_INSTRUCTIONS FOR THE TASK_
All of the data, word for word and free of pictures, is the expected result.

BEGIN SUPPLIED INFORMATION

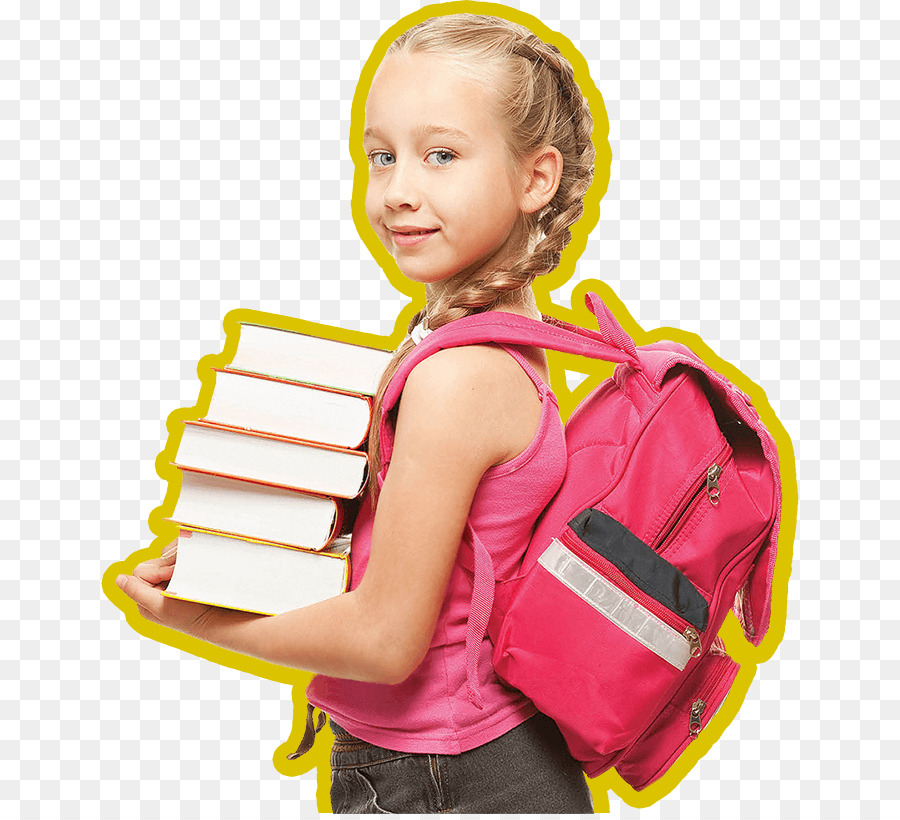 Fille Avec Des Livres Et Un Sac à Dos，Étudiant PNG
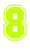 Set Rugnummers van Strijkletters SF Flock Neon Geel - afb. 2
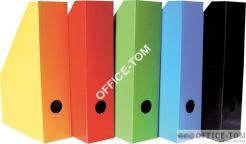 Pojemnik na czasopisma lakierowany Bantex żółty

END SUPPLIED INFORMATION

_SOLUTION FOR THIS PROBLEM_
 Fille Avec Des Livres Et Un Sac à Dos，Étudiant PNG
 Set Rugnummers van Strijkletters SF Flock Neon Geel - afb. 2
 Pojemnik na czasopisma lakierowany Bantex żółty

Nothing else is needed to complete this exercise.